◆ **HOW TO COMPLETE THIS TASK**
How many lines of these entries hold the string "Earrings"? Answer with the number alone.

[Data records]
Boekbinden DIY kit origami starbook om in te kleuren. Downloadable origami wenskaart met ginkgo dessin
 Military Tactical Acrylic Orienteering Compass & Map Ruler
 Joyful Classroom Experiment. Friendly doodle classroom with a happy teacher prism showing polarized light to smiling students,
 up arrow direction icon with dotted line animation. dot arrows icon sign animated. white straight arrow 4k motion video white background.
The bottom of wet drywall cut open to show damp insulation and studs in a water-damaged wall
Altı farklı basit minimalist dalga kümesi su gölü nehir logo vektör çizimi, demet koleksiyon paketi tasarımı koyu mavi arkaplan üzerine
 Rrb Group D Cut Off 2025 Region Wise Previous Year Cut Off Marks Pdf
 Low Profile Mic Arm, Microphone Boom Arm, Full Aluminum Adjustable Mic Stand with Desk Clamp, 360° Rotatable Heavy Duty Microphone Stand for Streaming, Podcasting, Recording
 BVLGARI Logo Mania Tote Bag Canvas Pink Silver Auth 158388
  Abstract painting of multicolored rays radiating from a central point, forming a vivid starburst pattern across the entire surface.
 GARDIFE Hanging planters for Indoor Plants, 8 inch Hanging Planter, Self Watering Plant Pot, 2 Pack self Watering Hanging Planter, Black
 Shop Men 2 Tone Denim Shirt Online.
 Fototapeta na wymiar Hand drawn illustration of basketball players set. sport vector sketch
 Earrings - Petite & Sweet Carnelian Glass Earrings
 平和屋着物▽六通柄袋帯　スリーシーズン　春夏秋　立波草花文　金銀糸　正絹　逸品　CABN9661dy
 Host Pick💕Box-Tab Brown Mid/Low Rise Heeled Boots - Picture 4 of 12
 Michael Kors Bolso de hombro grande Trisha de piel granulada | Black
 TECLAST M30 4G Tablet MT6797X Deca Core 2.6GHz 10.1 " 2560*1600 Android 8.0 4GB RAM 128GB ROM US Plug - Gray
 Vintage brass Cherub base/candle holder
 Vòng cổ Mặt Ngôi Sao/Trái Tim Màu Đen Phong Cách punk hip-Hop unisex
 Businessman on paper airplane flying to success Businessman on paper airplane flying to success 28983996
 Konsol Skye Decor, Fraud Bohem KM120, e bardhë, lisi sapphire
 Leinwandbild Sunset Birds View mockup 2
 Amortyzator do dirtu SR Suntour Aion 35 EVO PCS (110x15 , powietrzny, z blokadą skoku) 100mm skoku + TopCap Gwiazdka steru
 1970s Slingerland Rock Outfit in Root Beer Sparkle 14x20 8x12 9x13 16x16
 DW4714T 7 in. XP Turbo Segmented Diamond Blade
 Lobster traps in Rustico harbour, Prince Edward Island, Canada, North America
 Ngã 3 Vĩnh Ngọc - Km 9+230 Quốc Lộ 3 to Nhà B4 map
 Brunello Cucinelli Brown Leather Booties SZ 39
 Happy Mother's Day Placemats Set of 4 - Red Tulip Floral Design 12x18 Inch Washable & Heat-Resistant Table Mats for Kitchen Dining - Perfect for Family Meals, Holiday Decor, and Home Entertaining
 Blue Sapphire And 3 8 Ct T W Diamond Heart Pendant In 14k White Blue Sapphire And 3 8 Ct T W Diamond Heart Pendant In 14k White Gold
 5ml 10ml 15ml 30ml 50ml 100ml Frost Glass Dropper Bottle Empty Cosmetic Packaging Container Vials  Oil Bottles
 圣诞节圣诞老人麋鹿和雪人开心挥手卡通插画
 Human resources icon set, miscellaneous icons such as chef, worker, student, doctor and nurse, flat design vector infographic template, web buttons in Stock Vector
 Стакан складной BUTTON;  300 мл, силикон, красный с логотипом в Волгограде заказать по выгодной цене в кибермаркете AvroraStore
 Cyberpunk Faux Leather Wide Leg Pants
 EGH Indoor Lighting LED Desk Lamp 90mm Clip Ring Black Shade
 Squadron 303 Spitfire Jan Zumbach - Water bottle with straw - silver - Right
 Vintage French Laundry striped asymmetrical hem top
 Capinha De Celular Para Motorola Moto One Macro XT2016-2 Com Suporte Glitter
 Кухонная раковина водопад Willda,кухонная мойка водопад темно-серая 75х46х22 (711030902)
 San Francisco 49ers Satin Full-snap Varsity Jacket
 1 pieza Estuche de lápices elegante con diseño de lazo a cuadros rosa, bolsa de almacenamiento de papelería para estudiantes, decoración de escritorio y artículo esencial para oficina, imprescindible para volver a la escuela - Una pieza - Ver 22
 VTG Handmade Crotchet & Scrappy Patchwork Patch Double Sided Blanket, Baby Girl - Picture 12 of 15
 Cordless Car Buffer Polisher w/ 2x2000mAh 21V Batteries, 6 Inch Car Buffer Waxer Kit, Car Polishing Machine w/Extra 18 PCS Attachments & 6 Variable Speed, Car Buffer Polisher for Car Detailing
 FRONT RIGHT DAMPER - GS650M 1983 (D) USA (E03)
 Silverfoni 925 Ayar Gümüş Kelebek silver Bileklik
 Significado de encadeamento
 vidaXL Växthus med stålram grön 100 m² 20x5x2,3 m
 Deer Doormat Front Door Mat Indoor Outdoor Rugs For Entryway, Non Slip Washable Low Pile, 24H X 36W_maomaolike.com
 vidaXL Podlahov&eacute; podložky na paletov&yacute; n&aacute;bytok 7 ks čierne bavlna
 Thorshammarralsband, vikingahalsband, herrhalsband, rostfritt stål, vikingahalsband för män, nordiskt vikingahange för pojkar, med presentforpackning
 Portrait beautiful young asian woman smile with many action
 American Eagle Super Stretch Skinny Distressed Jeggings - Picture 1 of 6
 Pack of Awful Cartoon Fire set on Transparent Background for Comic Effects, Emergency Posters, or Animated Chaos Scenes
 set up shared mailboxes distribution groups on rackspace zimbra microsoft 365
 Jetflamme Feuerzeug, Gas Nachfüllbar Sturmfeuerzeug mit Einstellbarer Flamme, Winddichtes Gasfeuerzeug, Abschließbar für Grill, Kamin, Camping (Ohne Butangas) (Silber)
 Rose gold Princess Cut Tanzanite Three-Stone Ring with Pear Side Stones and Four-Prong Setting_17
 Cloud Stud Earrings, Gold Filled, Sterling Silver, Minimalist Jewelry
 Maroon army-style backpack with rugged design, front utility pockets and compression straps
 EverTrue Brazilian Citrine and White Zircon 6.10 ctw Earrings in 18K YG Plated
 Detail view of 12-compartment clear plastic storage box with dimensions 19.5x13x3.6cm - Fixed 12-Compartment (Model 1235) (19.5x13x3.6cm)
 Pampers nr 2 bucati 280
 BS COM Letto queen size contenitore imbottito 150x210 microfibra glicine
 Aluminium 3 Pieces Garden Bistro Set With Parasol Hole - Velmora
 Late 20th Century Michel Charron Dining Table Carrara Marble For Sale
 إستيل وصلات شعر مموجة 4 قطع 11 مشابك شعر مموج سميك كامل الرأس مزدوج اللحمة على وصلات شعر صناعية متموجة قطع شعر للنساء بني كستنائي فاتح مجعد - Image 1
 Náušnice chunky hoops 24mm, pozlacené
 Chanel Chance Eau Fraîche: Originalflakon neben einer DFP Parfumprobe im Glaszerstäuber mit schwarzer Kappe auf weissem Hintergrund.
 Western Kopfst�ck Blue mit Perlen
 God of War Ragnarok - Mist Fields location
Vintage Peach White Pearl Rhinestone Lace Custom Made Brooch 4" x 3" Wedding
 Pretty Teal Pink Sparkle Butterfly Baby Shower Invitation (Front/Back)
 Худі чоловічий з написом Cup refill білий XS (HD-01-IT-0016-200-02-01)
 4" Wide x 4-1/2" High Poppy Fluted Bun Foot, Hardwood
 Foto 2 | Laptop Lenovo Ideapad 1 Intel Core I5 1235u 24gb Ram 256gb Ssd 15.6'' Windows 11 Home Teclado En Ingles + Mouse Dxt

◆ **SOLVED EXERCISE**
3